# Gradient boosting - handwritten number image recognition

## Import required libraries

In [92]:
import numpy as np
import pandas as pd
from sklearn.datasets import load_digits
from sklearn.model_selection import cross_val_score, GridSearchCV, train_test_split
from sklearn.ensemble import AdaBoostClassifier, GradientBoostingClassifier
from sklearn.metrics import confusion_matrix, accuracy_score
from xgboost import XGBClassifier

## Importing the data

In [93]:
digits = load_digits()
X = digits.data
y = digits.target

## Fitting and evaluating the model - Gradient boosting classifier

For this model, we will be using the Gradient Boosting classifier, this is a supervised learning model that belongs to a family of emsemble methods. First, we need a loss function to minimize, the specific function depends on the task, whether it is a classification or regression problem. It may also depends on whether it is a binary or multiclass classification problem. 

Gradient Boosting works by using a weak learner (decision tree in our example) as a base model. In an additive process, each step adds another base model to the ensemble, in which a gradient descent procedure is used to minimize the loss. 
This process continues until the model reaches an acceptable level or no longer improves on a validation dataset.

In [119]:
gb = GradientBoostingClassifier(max_features="sqrt", random_state=12)

The code above creates a class instance of the Gradient Boosting classifier, with the parameter `random_state` ensuring that the output is reproducible rather than a random outcome each time the code is run.

In [120]:
param_grid = {
    'learning_rate': [0.05, 0.1, 0.15, 0.2],
    'n_estimators': [40, 60, 80, 100],
    'subsample': [0.6, 0.8, 1.0],
    'min_samples_split': [20, 40, 60, 80, 100], np.linspace(20, 100, 4)
    'max_depth': [3, 4, 5],
    
}

The `param_grid` is the values of the different parameters that we test for in the cross-validation.

In [121]:
grid_search = GridSearchCV(estimator=gb, param_grid=param_grid, n_jobs=-1, cv=3, scoring='accuracy', verbose=1)
grid_search.fit(X, y)

Fitting 3 folds for each of 720 candidates, totalling 2160 fits


The `GridSearchCV` is a class which performs a search of the different hyperparameter space of an estimator to determine which is the best fit. In this case, we have 720 candidates and the model will assess the performance of each model across 3 different folds of the data.

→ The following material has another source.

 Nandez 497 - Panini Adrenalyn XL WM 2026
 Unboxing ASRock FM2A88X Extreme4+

We specify six different parameters in our class instance, four of which refer directly to the grid search, which are:
* `cv` specifies the number of folds to be used in KFold cross validation.
* `param_grid` is a dictionary of the different hyperparameters and values the class will iterate over and test for in our grid search, in this case it is pre-determined values in our `param_grid` above.
* `estimator` is the machine learning estimator we want to optimize the use of in the model. In this example, we use the `gb` class instance, but throughout this notebook we will adapt this to use different models.
* `scoring` is the metric we use to evaluate the performance of each model fit, in this case we use the `accuracy` metric.

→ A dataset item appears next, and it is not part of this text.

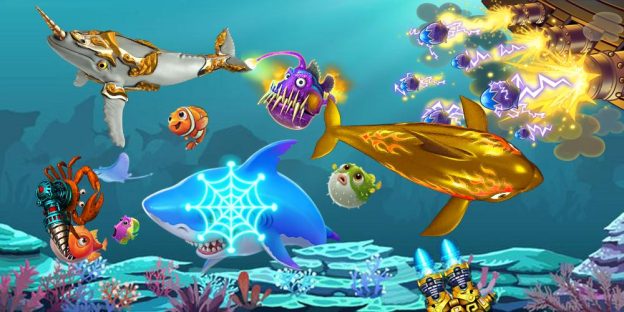 Tembak Ikan Online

The last two parameters are to do with the configuration and computation aspects of the grid search:
* `verbose` is a parameter used to determine how much information is provided about the progress of the code. By opting for a value of one, we receive details regarding the number of candidates, folds and total number of fits. This number can be increased to provide more insights, such as notifications on each run completion, the runtime and a model score.
* `n_jobs` specifies the number of processors to use in the computation,  a `-1` value uses all of the available processors.

In [122]:
print(f"Best n_estimators: {grid_search.best_params_['n_estimators']}")
print(f"Best learning_rate: {grid_search.best_params_['learning_rate']}")
print(f"Best subsample: {grid_search.best_params_['subsample']}")
print(f"Best min_samples_split: {grid_search.best_params_['min_samples_split']}")
print(f"Best max_depth: {grid_search.best_params_['max_depth']}")
print(f"Best accuracy score: {round(grid_search.best_score_, 5) * 100}%")

Best n_estimators: 100
Best learning_rate: 0.2
Best subsample: 0.6
Best min_samples_split: 20
Best max_depth: 5
Best accuracy score: 95.326%


## Fitting and evaluating the model - AdaBoost

AdaBoost, also known as Adaptive Boosting, is a type of gradient boosting algorithm. It differs from gradient boosting in a few ways, it is the first algorithm to use a specific loss function called the Exponential Loss function. With this function, unlike traditional gradient boosting, it will amplify any penalties for instances which are further away from the decision boundary. This can make the algorithm sensitive to outliers. 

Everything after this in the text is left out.